On-Device Domain Learning for Keyword Spotting on Low-Power Extreme Edge Embedded Systems
Cristian Cioflan, Lukas Cavigelli, Manuele Rusci, Miguel de Prado, Luca Benini
TL;DR
This work presents a fully on-device domain adaptation approach for keyword spotting on ultra-low-power edge devices. By tailoring a pretrained, noise-robust backbone with on-site, noise-aware fine-tuning of a small learnable classifier, it achieves substantial accuracy gains (up to 14%) in unseen noisy environments while operating under strict memory (<10 kB) and energy constraints.
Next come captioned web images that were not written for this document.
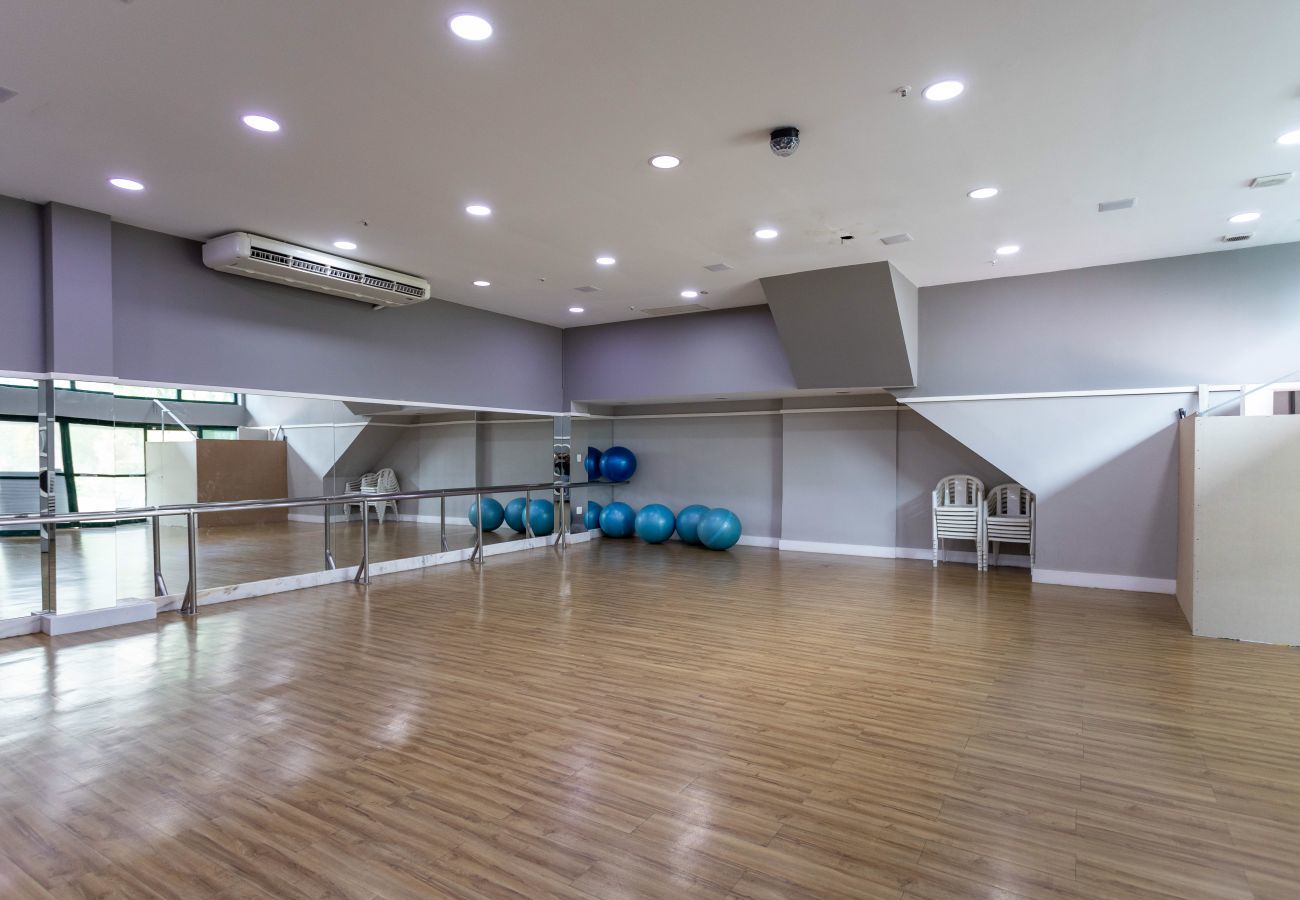 Alquiler por habitaciones en Rio de Janeiro - Pineapples BPremium T5 | BPremium T5 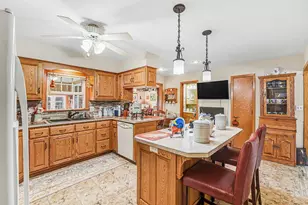 417 S Fairview Dr, Luverne, MN 56156 - Photo 7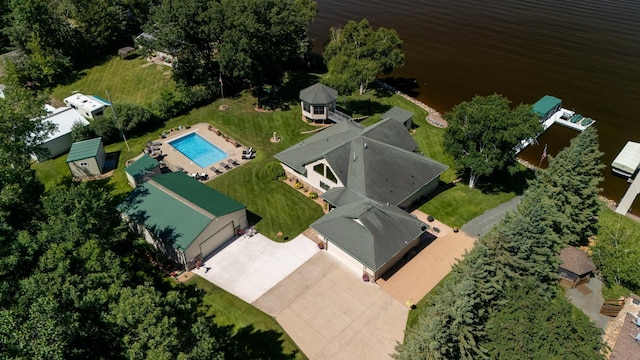 16873 Shoreline Rd, Chengwatana Twp, MN 55063 - photo 2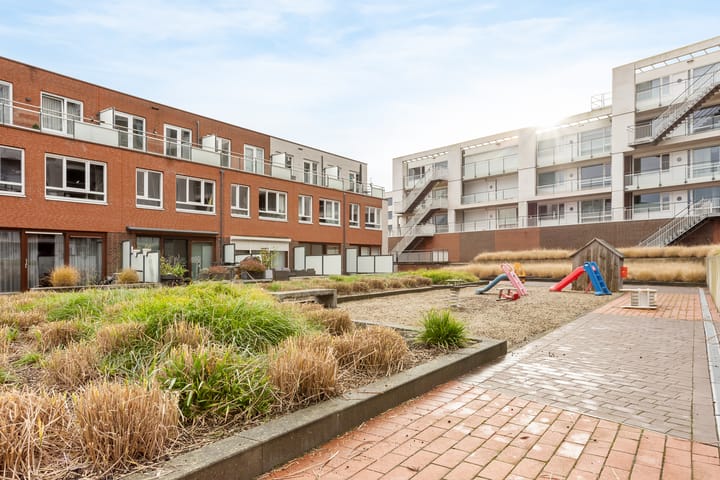 Foto 23 van Maltaplein 36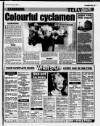 Bristol Evening Post Saturday 04 January 1997 Page 21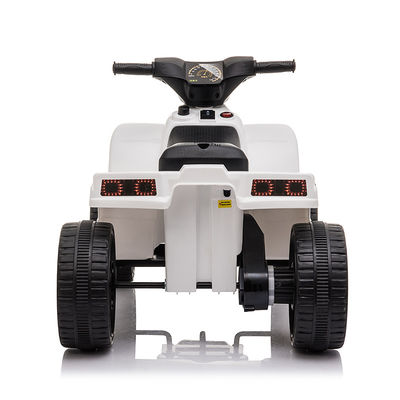 6v 小型ATVカー 子供向け 3~7歳から カートンサイズ 62.5*35.5*285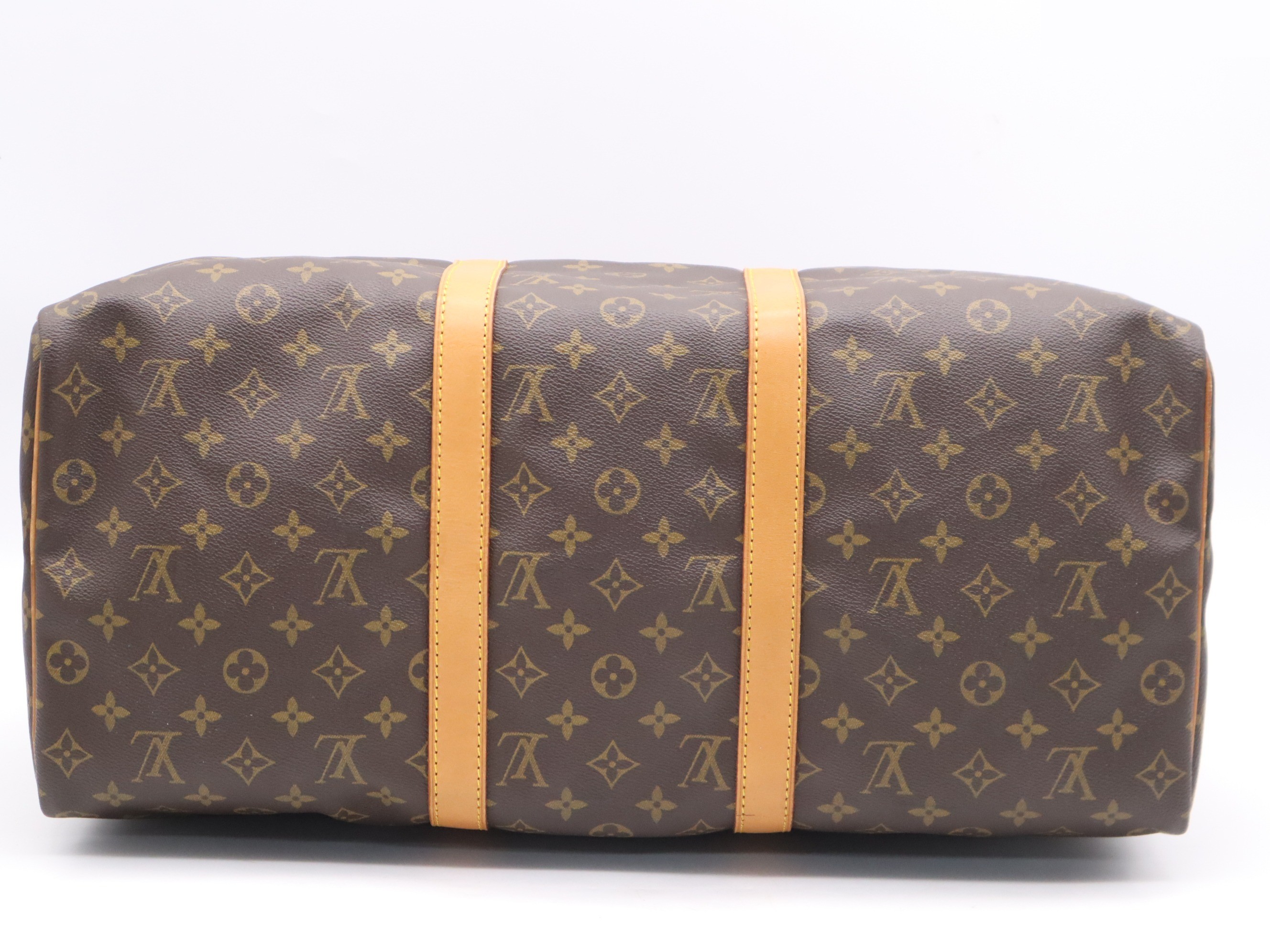 Keepall 50 — view 4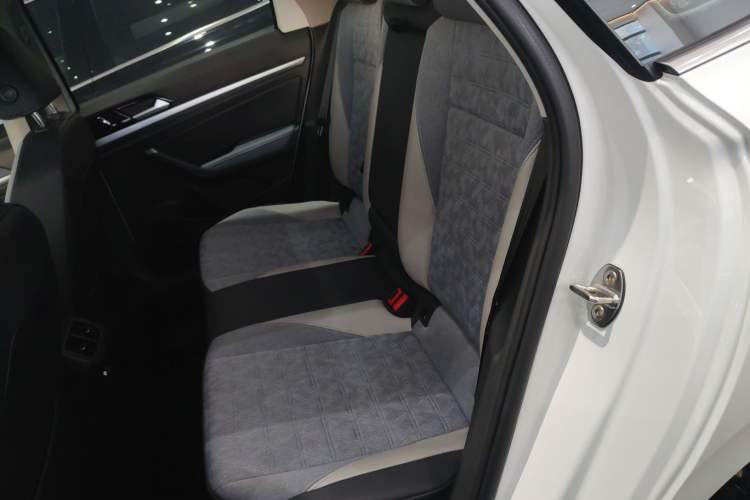 Used Volkswagen Lavida 2023 1.5L Automatic Full-Comfort Edition
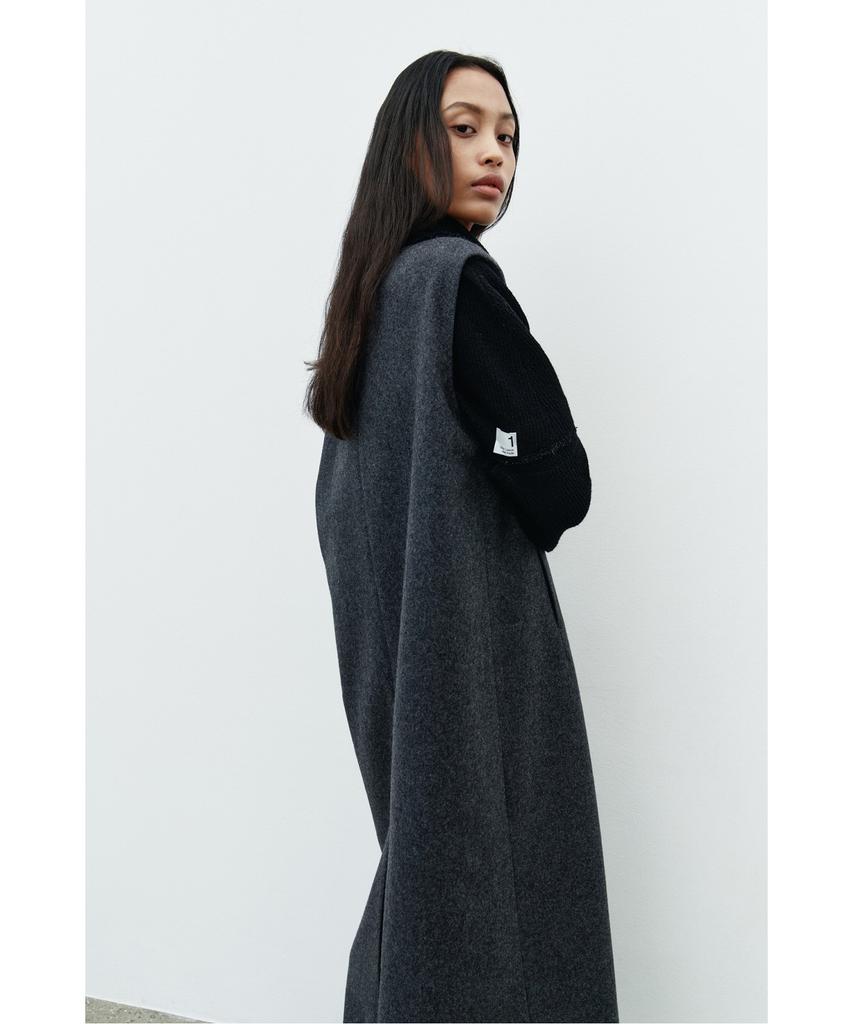Recorde Pants Patch Wool Dress Rqdaw25541Gyx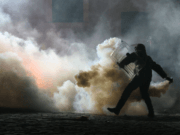 Informe de Riesgos Globales 2025: Conflictos, Medio Ambiente y Desinformación, principales amenazas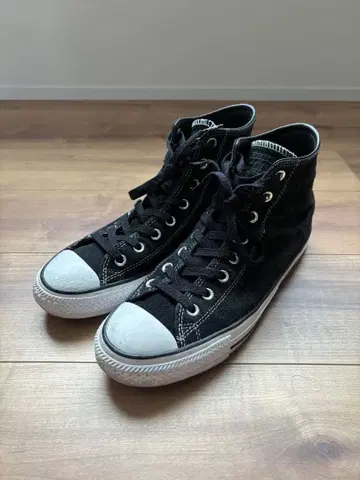 컨디션 최상 Converse Cons CTS Hi US9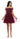 Short Off Shoulder Homecoming Cocktail Dress - The Dress Outlet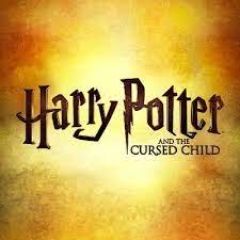 Harry Potter And The Cursed Child Discount Codes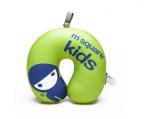 Outdoor camping pillow, travel inflatable pillow air pillow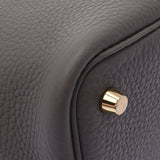 Hermes Hermes Picon Lock PM Ethang Gold Buffetary Y Champion (around 2020) Ladies Triyo Clemance Handbag New Sinkjo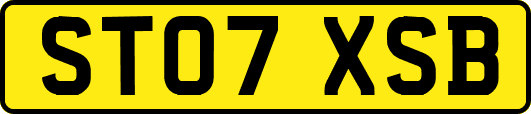 ST07XSB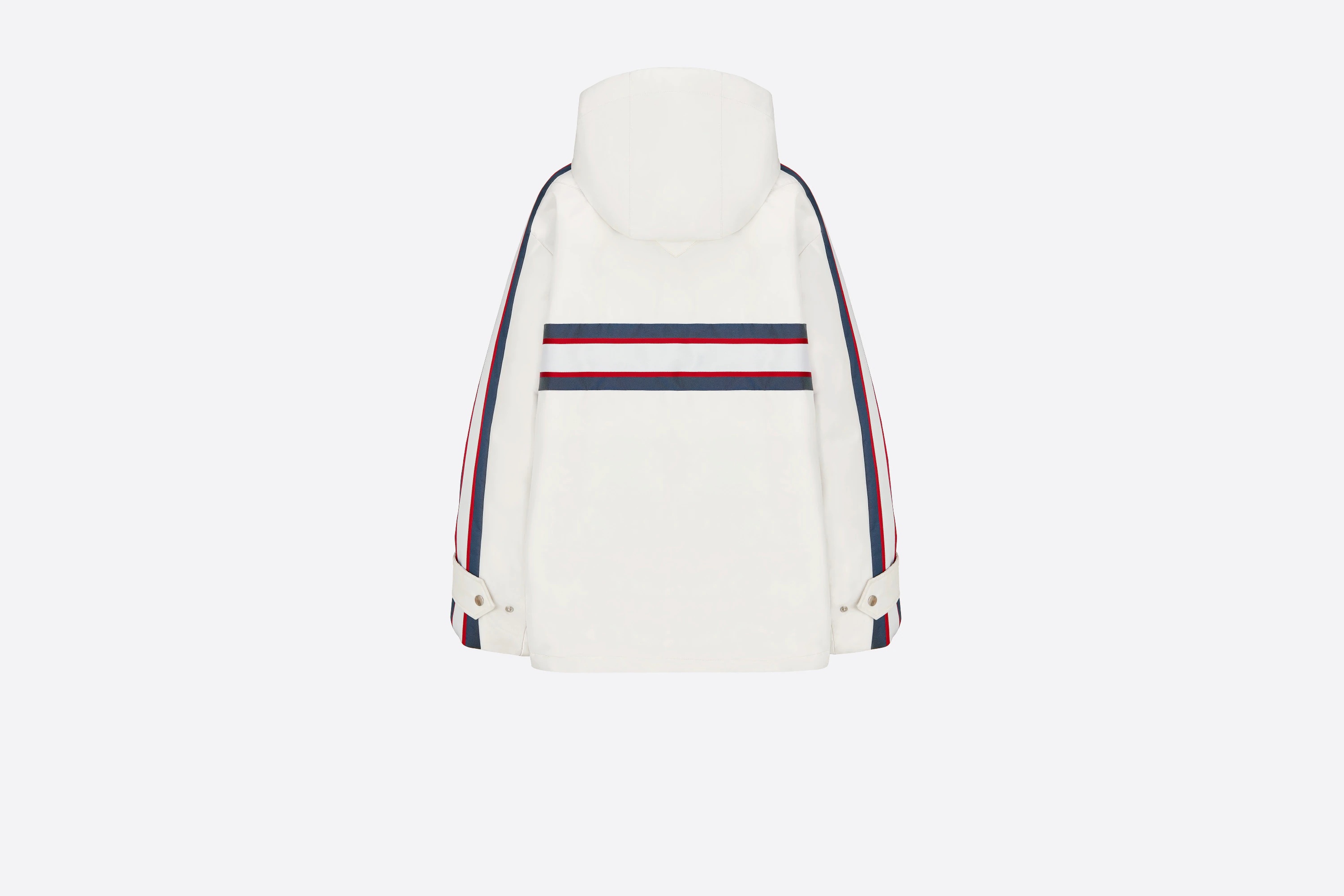 DiorAlps Hooded Anorak - 2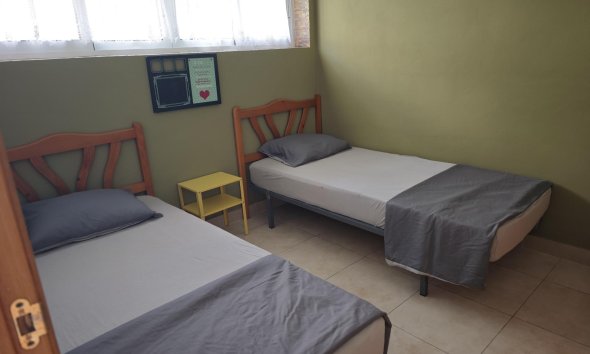 Reventa - Bungalow - Torrevieja - Playa del Cura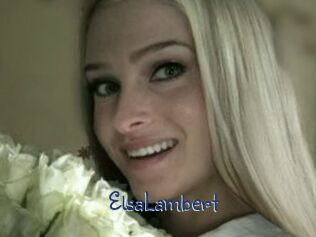 ElsaLambert
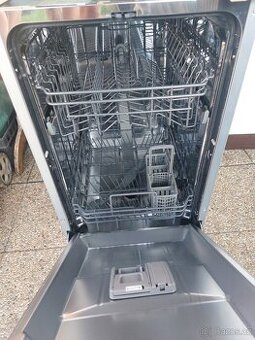 Myčka na nádobí Gorenje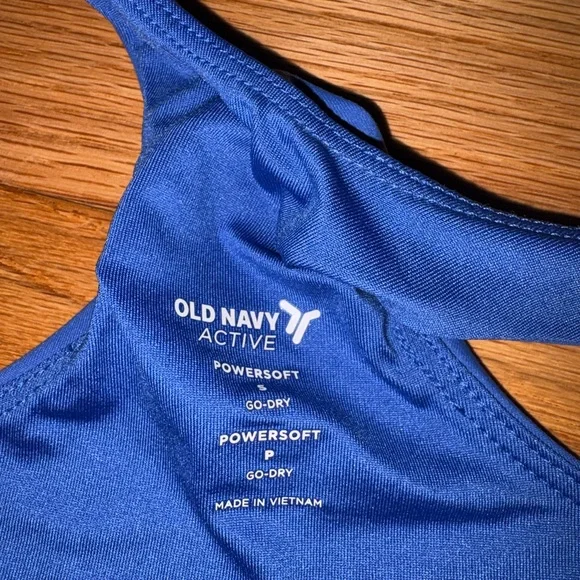 Old Navy women’s activewear dress - Picture 2 of 5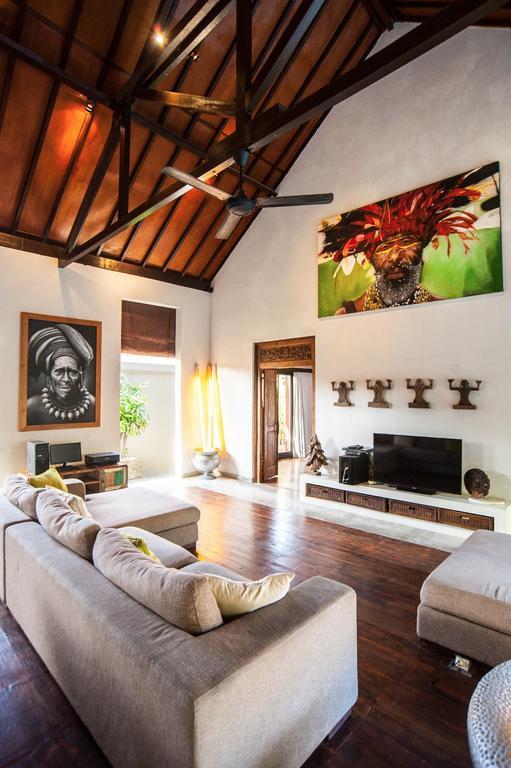 Seminyak Villa Extérieur photo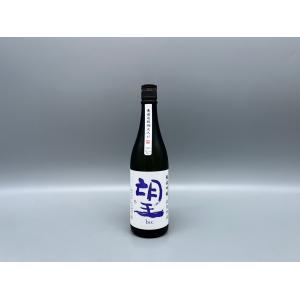 日本酒　望 　bo:　ぼう 純米吟醸酒 五百万石 無濾過 瓶燗火入れ 外池酒造店　720ml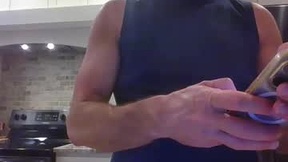 Recent Screenshot of  justanotherdadbod2025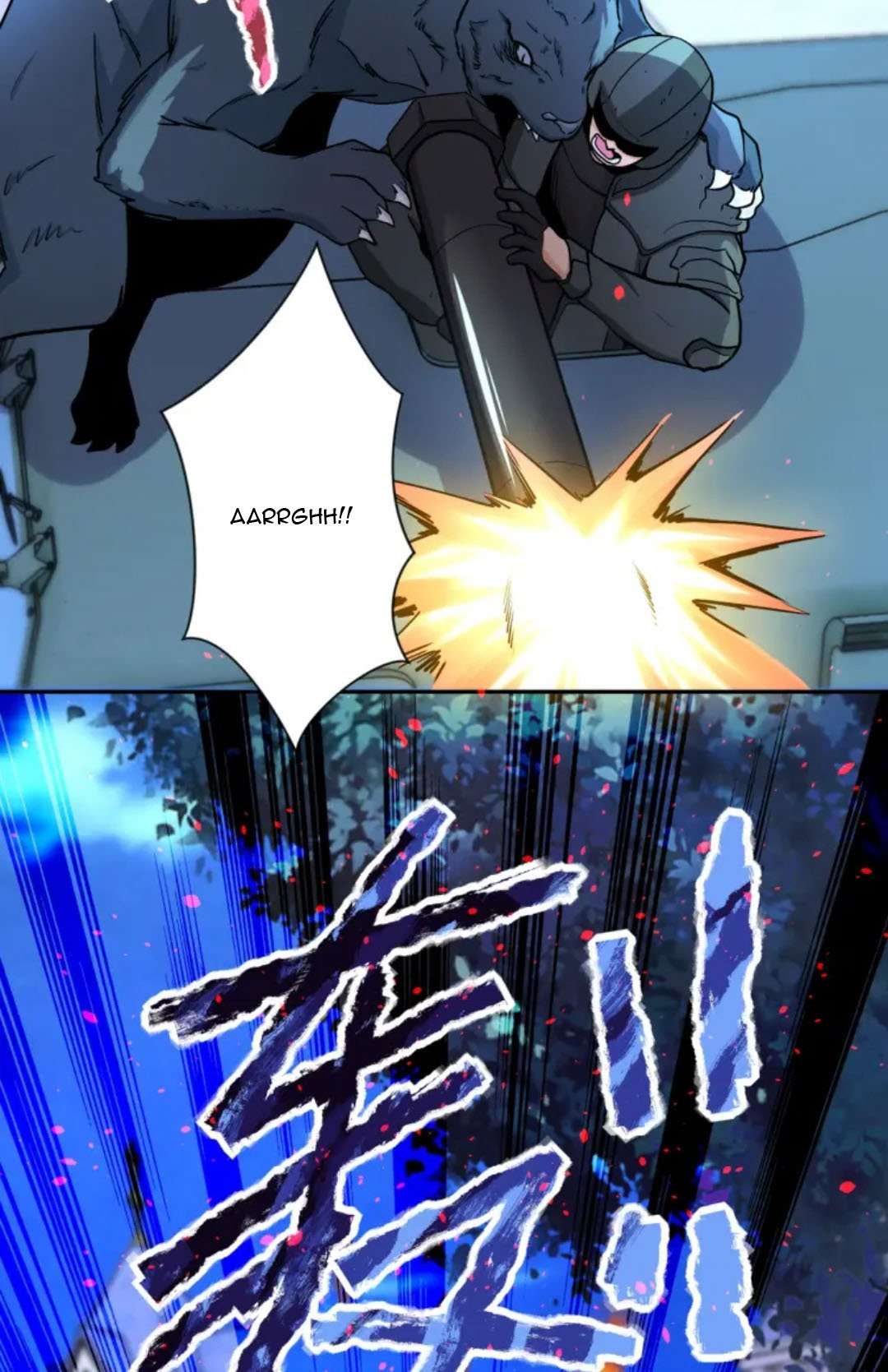 super-system - Chapter: 163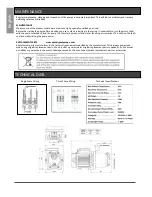 Preview for 8 page of STA-RITE BOOST-RITE EVO Installation Manual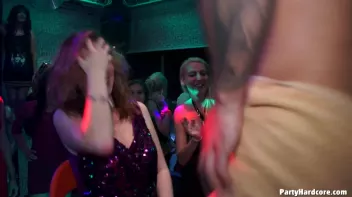 Party Hardcore Gone Crazy Vol. 6 Part 2 - Main Edit Screencap 34 on sinx.preview.netperv.com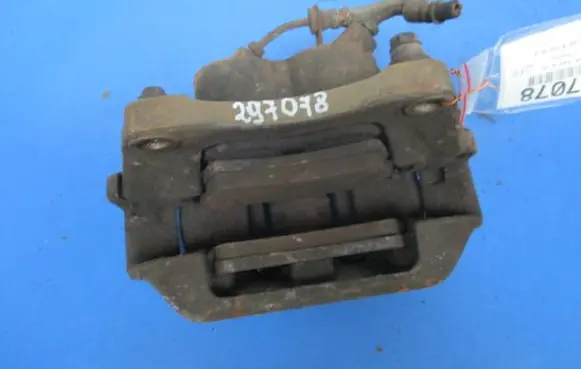 Renault Master II Front brake caliper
The authors propose resource-aware strategies (partial freezing, data-subset training) and demonstrate the method on the GAP9 platform, accomplishing on-site adaptation in about 14 s with modest energy and memory footprints. This enables private, low-power, always-on keyword spotting with adaptive robustness to real-world noise. It contributes a practical TinyML workflow for on-device learning and domain adaptation with concrete hardware demonstrations.
Abstract
Keyword spotting accuracy degrades when neural networks are exposed to noisy environments. On-site adaptation to previously unseen noise is crucial to recovering accuracy loss, and on-device learning is required to ensure that the adaptation process happens entirely on the edge device. In this work, we propose a fully on-device domain adaptation system achieving up to 14% accuracy gains over already-robust keyword spotting models. We enable on-device learning with less than 10 kB of memory, using only 100 labeled utterances to recover 5% accuracy after adapting to the complex speech noise. We demonstrate that domain adaptation can be achieved on ultra-low-power microcontrollers with as little as 806 mJ in only 14 s on always-on, battery-operated devices.